Short descriptive text snippets:
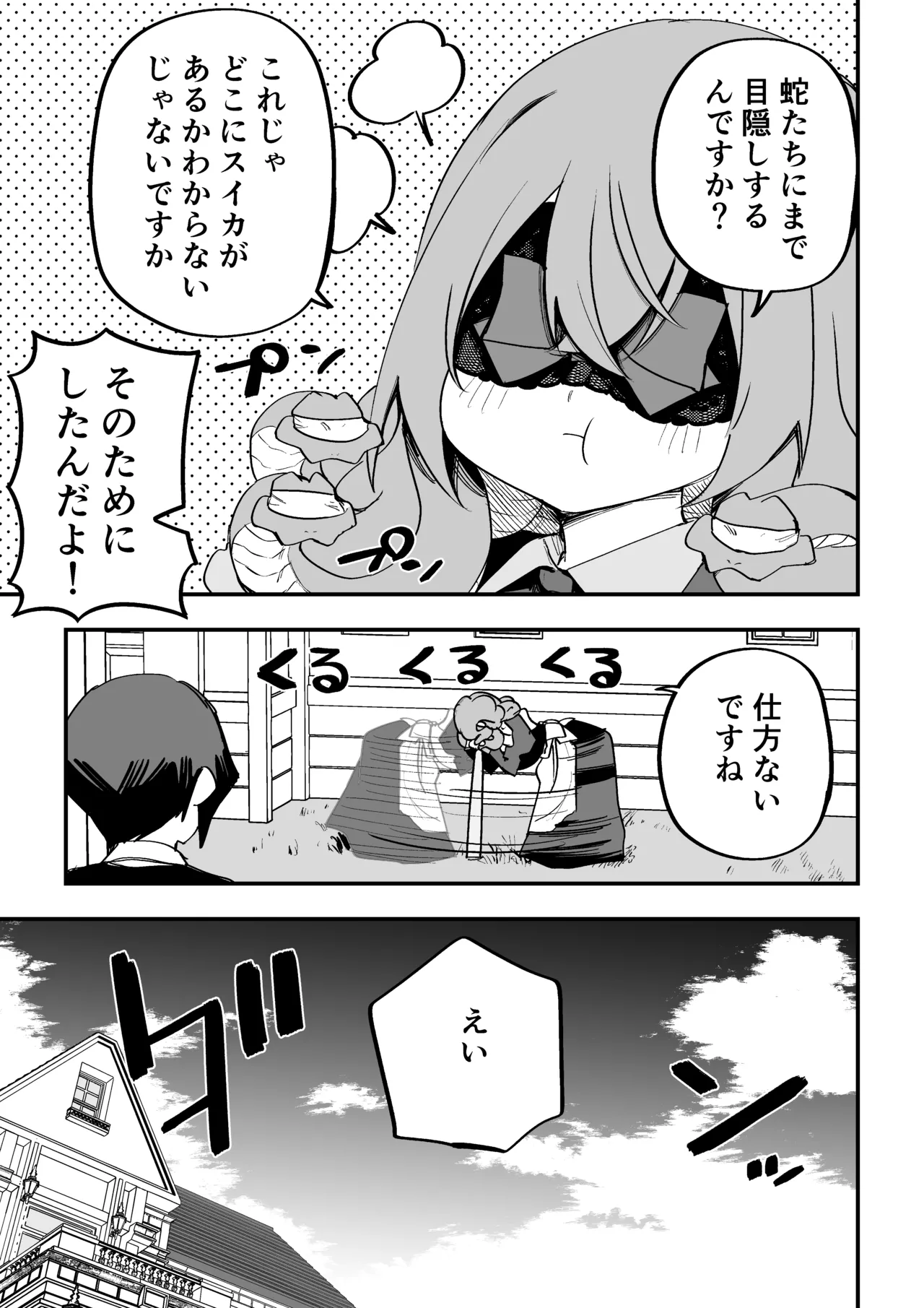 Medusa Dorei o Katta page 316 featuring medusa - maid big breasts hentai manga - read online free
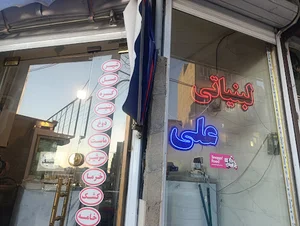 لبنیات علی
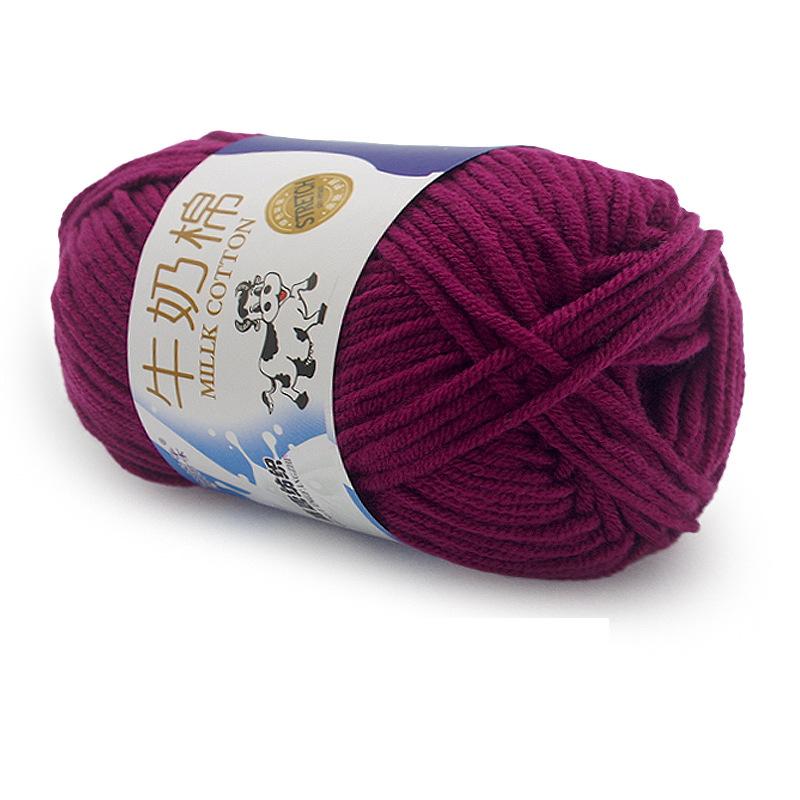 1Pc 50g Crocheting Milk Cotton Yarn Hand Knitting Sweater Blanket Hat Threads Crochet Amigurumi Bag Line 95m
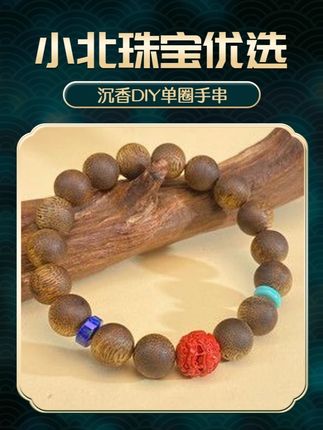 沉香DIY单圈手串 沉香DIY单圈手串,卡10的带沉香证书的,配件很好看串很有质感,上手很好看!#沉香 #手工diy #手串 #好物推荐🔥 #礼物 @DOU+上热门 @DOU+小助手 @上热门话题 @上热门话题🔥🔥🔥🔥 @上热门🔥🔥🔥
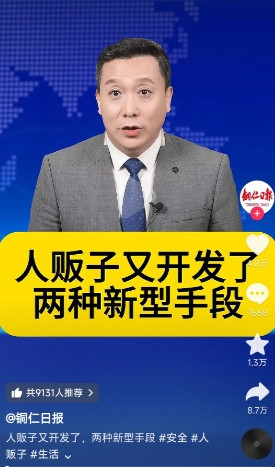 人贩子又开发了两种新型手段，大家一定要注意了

_The problem_
Please retype the data exactly, but do not carry over any picture.

_Solved problem_
 Medusa Dorei o Katta page 316 featuring medusa - maid big breasts hentai manga - read online free
 لبنیات علی
 1Pc 50g Crocheting Milk Cotton Yarn Hand Knitting Sweater Blanket Hat Threads Crochet Amigurumi Bag Line 95m
 沉香DIY单圈手串 沉香DIY单圈手串,卡10的带沉香证书的,配件很好看串很有质感,上手很好看!#沉香 #手工diy #手串 #好物推荐🔥 #礼物 @DOU+上热门 @DOU+小助手 @上热门话题 @上热门话题🔥🔥🔥🔥 @上热门🔥🔥🔥
 人贩子又开发了两种新型手段，大家一定要注意了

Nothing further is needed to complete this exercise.